Pas moins de 171 tonnes de procédure, quelque 200 parties civiles, 144 témoins cités, 94 avocats, 5 juges professionnels et près de 50 jours d’audience prévus : 5 ans et 8 mois après les carnages perpétrés au nom d’Allah par les frères Kouachi et Amédy Coulibaly dans les locaux de Charlie Hebdo, à Montrouge et à l’Hyper Casher de la porte de Vincennes (17 morts au total), le procès hors normes de leurs 14 complices s’est enfin ouvert mercredi devant la cour d’assises spéciale de Paris. Un procès qui, contrairement à ce qu’affirment certains médias avec une volonté évidente de minimiser leur responsabilité, est loin de ne concerner que « de petites mains », et dont les Français attendent d’abord qu’il débouche sur des peines exemplaires.
Tous complices à des degrés divers
Rappelons en effet que, parmi ces 14 accusés, figurent notamment Mohammed Belhoucine, qui a écrit la prestation d’allégeance à l’EI de Coulibaly, et l’ex-dealer de l’Essonne passé à l’islamisme Ali Riza Polat, soupçonné, lui, d’avoir eu un rôle central dans les préparatifs des attentats, en particulier la fourniture de l’arsenal utilisé par le trio terroriste.
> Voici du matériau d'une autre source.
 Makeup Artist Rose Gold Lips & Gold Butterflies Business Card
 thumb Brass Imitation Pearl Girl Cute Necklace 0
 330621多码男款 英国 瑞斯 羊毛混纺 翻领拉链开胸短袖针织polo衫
Poursuivis pour « complicité » de crimes terroristes, ils sont passibles de la réclusion criminelle à perpétuité. Parmi les autres accusés, jugés quant à eux pour « association de malfaiteurs terroriste criminelle », on trouve encore Nezar Mickaël Pastor Alwatik et Amar Ramdani, tous deux soupçonnés d’avoir fourni des armes à Coulibaly, avec l’aide de ces deux autres fous d’Allah que sont Saïd Makhlouf et Mohammed-Amine Fares. Autres impliqués dans le volet « armes », les « Belges » Michel Catino et Metin Karasular, ainsi que les « Français » Miguel Martinez (qui a reconnu avoir acheté du matériel et un véhicule pour Coulibaly) et Abdelaziz Abbad. Enfin, dans le volet « logistique », on trouve Willy Prévost, issu de la cité de Grigny, et Chritophe Raumel, seul accusé à comparaître libre sous contrôle judiciaire pour « association de malfaiteurs » simple.
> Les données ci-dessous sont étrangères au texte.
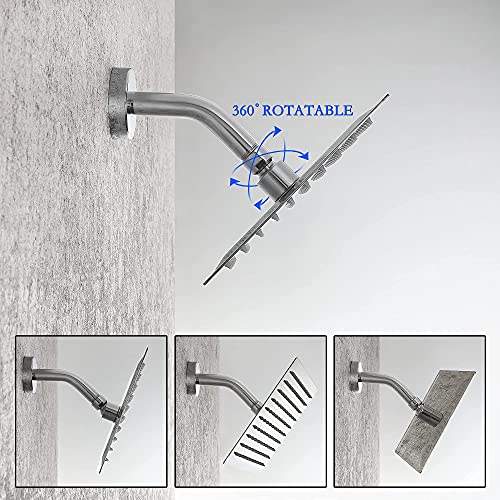 Set de grifería para baño SKOWLL, montaje en pared, cabezal de ducha de 8 pulgadas, sistema de ducha con válvula y mango, función simple, acabado en cromo pulido miniatura 4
« Une méconnaissance du processus d’élaboration d’un attentat »
Bref, comme le notait très justement Jean-Charles Brisard, président du Centre d’Analyse du Terrorisme, dans un entretien accordé récemment au Figarovox : « qualifier ces individus de “petites mains” ou de “seconds couteaux” comme j’ai pu le lire ici ou là reflète une méconnaissance du processus d’élaboration d’un attentat ». Car, « sans cette chaîne de soutiens, d’assistance et de fourniture de moyens, ces attentats n’auraient sans doute pas pu avoir lieu ». Reste quand même un regret : l’absence dans le box des accusés d’Hayat Boumeddiene, la très virulente compagne de Coulibaly et figure du djihadisme féminin, ainsi que des frères Belhoucine, tous trois partis quelques jours avant les attaques pour la zone irako-syrienne. Evoquée par diverses sources, la mort de ces derniers n’a cependant jamais été officiellement confirmée. Quant à Hayat Boumeddiene, un temps donnée morte, elle serait, selon les affirmations d’une « revenante » interrogée par nos services de renseignement, toujours en cavale en Syrie.